§ **Records for this task**
——

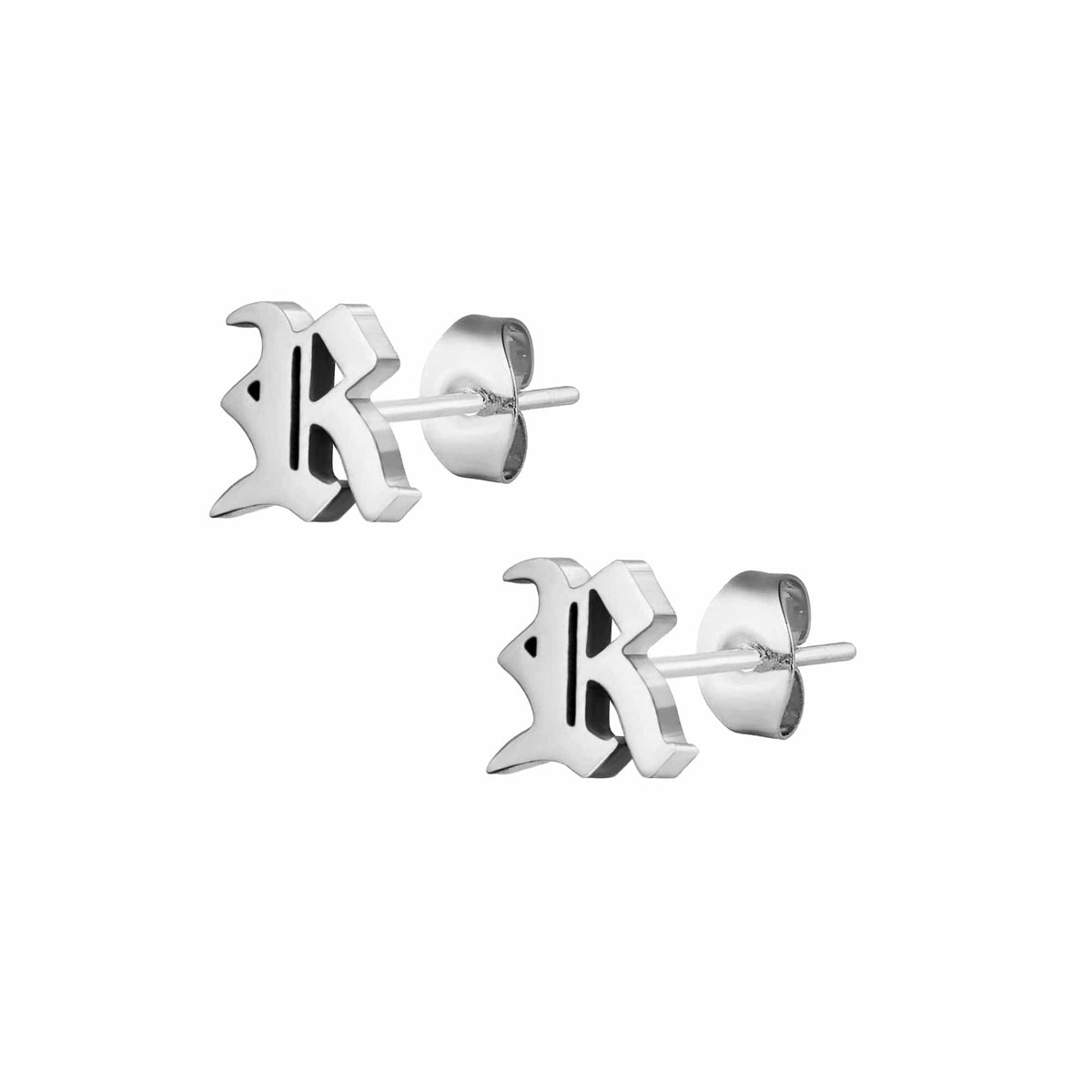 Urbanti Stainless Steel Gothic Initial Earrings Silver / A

——

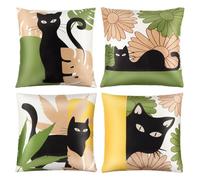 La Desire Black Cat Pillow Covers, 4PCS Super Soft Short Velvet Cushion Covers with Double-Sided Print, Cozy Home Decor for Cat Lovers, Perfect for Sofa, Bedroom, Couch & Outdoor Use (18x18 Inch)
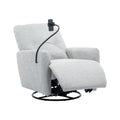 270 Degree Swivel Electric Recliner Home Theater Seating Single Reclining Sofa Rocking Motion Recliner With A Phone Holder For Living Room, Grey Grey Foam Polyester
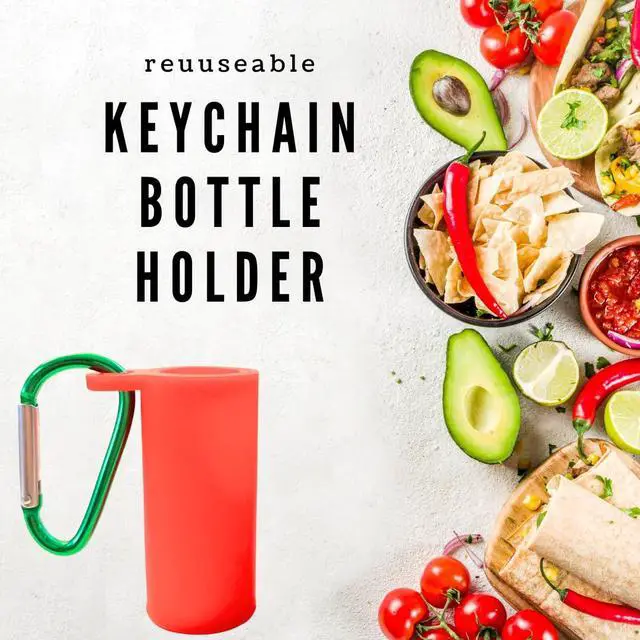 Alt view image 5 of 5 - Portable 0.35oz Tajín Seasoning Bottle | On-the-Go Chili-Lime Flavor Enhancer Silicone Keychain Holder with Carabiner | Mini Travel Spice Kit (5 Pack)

——

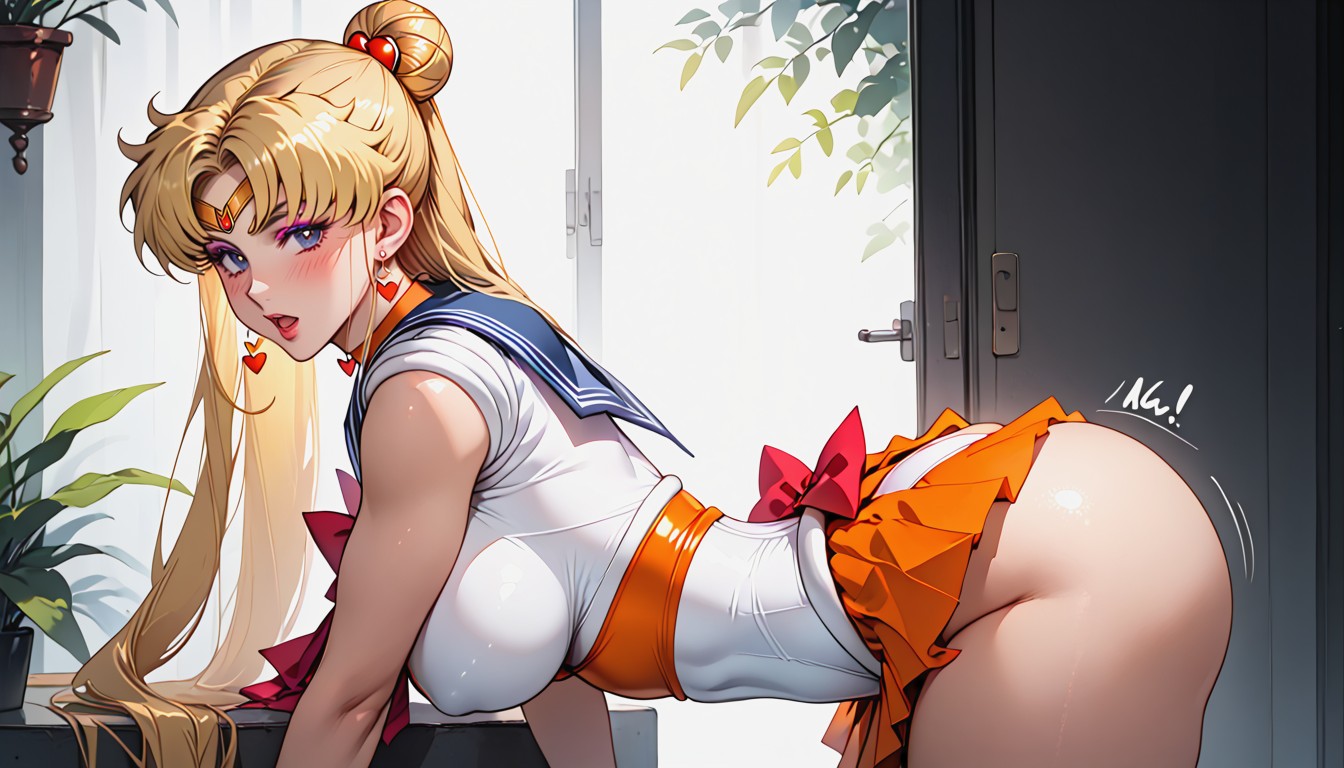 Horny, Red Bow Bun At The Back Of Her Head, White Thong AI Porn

——

Using the data above, which lines fall from the one with "La Desire Black" through the one with "270 Degree Swivel"? Repeat them exactly, ends included, minus any pictures.

§ **Solution for this task**
 La Desire Black Cat Pillow Covers, 4PCS Super Soft Short Velvet Cushion Covers with Double-Sided Print, Cozy Home Decor for Cat Lovers, Perfect for Sofa, Bedroom, Couch & Outdoor Use (18x18 Inch)
 270 Degree Swivel Electric Recliner Home Theater Seating Single Reclining Sofa Rocking Motion Recliner With A Phone Holder For Living Room, Grey Grey Foam Polyester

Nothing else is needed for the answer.